START Data to process
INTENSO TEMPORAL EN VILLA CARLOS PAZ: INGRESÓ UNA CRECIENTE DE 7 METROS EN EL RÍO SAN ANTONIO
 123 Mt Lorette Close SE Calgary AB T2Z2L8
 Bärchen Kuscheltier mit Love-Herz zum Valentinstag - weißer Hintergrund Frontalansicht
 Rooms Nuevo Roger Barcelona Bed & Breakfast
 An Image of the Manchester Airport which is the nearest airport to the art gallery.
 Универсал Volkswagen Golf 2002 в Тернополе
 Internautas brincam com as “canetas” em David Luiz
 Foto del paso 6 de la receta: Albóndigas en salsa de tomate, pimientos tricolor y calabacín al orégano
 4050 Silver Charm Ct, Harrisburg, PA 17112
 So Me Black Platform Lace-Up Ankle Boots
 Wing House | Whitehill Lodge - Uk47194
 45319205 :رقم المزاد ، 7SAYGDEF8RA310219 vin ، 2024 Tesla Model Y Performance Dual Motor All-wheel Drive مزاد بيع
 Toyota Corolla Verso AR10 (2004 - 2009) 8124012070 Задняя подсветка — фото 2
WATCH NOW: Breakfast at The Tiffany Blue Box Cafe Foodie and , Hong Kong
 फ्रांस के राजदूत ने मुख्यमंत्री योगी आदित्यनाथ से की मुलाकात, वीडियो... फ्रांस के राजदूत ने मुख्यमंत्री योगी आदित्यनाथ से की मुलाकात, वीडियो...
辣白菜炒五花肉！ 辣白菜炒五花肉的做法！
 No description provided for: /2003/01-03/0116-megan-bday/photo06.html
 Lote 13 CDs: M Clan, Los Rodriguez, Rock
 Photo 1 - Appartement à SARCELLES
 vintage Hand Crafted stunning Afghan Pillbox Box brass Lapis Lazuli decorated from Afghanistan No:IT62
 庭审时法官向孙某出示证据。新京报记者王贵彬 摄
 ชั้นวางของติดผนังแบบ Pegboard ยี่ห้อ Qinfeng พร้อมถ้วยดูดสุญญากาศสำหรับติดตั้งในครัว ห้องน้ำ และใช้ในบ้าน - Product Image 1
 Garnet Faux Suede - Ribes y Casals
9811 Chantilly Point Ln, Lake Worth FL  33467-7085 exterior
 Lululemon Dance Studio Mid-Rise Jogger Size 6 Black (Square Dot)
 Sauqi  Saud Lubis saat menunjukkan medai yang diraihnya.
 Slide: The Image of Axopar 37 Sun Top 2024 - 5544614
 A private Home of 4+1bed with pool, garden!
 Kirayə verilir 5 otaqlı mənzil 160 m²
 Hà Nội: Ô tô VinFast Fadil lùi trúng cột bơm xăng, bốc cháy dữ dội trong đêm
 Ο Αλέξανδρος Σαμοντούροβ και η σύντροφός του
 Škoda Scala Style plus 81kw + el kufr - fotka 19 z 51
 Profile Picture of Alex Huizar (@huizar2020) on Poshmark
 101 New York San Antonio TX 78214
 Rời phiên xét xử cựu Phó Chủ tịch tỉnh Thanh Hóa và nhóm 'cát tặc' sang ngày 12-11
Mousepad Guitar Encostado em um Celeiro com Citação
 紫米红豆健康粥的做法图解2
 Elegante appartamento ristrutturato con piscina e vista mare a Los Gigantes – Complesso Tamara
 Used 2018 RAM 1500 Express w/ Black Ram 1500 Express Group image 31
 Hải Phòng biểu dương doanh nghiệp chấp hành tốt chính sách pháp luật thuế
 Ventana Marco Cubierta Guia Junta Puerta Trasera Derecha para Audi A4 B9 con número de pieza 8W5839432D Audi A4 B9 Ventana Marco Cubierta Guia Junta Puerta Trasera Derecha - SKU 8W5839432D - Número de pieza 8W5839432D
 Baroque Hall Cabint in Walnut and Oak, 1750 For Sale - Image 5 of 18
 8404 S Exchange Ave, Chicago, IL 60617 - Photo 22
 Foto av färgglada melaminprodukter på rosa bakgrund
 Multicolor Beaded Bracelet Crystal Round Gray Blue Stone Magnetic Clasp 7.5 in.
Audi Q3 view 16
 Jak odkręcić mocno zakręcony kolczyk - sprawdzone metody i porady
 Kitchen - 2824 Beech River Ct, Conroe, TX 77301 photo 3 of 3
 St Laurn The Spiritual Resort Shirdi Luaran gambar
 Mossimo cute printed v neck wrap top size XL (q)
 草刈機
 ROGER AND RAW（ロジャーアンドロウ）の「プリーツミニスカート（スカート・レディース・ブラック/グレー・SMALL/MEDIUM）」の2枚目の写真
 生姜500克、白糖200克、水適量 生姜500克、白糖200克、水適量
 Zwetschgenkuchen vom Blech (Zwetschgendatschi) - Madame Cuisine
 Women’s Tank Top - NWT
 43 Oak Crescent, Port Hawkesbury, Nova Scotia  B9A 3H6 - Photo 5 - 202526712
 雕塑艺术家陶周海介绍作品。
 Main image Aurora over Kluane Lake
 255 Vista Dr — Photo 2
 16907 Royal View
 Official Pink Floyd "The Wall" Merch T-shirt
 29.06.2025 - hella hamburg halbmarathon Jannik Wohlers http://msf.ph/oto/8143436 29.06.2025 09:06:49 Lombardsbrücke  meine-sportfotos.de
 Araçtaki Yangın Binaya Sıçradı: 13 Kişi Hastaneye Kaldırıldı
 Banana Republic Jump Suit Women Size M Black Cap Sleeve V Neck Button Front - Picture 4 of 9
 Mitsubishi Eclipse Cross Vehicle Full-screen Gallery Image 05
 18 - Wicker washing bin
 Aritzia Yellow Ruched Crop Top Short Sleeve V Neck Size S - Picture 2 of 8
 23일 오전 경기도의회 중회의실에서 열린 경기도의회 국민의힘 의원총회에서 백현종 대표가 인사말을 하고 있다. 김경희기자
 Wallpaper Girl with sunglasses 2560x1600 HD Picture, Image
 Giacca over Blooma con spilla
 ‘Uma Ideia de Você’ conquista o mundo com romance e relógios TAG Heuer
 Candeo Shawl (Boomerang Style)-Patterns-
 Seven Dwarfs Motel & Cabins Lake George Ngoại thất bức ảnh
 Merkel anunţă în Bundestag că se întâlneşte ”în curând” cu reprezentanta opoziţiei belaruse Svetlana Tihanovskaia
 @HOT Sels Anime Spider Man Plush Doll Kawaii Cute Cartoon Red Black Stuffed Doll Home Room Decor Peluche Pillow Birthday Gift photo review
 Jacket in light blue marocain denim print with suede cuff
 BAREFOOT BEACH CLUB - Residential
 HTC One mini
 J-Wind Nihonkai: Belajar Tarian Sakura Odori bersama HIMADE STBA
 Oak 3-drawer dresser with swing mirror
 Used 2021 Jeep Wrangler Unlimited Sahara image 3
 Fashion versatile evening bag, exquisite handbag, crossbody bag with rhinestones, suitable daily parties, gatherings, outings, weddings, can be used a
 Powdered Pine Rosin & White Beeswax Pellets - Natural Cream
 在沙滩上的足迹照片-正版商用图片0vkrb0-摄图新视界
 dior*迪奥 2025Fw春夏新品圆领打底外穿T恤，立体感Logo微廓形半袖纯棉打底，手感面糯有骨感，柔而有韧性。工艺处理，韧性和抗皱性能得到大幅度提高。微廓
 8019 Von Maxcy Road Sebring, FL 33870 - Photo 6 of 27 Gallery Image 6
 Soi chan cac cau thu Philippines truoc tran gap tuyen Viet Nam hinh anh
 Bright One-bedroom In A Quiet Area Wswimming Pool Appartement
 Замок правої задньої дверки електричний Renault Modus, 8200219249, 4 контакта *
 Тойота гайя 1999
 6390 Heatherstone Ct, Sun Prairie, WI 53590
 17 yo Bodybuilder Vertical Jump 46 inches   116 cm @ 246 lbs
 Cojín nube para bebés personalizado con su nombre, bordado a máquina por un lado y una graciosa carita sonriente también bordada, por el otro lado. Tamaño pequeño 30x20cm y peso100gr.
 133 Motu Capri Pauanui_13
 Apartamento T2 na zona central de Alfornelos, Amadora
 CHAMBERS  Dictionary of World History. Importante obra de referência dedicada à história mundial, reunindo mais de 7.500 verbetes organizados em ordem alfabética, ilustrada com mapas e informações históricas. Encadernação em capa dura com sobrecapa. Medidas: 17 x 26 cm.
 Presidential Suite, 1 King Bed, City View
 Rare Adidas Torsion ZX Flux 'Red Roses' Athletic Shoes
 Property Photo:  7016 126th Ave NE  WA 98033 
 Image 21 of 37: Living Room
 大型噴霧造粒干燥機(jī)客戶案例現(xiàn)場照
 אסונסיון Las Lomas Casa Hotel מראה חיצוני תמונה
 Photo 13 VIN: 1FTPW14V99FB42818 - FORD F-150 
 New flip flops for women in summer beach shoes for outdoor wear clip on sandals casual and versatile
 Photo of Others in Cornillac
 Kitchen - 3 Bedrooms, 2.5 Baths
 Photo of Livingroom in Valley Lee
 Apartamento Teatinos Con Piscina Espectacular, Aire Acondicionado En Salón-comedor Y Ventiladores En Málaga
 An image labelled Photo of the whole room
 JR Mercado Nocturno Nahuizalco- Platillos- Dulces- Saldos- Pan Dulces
END Data to process
Work order
Quote the data above from the line containing "Apartamento T2 na" to the line containing "New flip flops", inclusive, and stop.

Solution to the problem
 Apartamento T2 na zona central de Alfornelos, Amadora
 CHAMBERS  Dictionary of World History. Importante obra de referência dedicada à história mundial, reunindo mais de 7.500 verbetes organizados em ordem alfabética, ilustrada com mapas e informações históricas. Encadernação em capa dura com sobrecapa. Medidas: 17 x 26 cm.
 Presidential Suite, 1 King Bed, City View
 Rare Adidas Torsion ZX Flux 'Red Roses' Athletic Shoes
 Property Photo:  7016 126th Ave NE  WA 98033 
 Image 21 of 37: Living Room
 大型噴霧造粒干燥機(jī)客戶案例現(xiàn)場照
 אסונסיון Las Lomas Casa Hotel מראה חיצוני תמונה
 Photo 13 VIN: 1FTPW14V99FB42818 - FORD F-150 
 New flip flops for women in summer beach shoes for outdoor wear clip on sandals casual and versatile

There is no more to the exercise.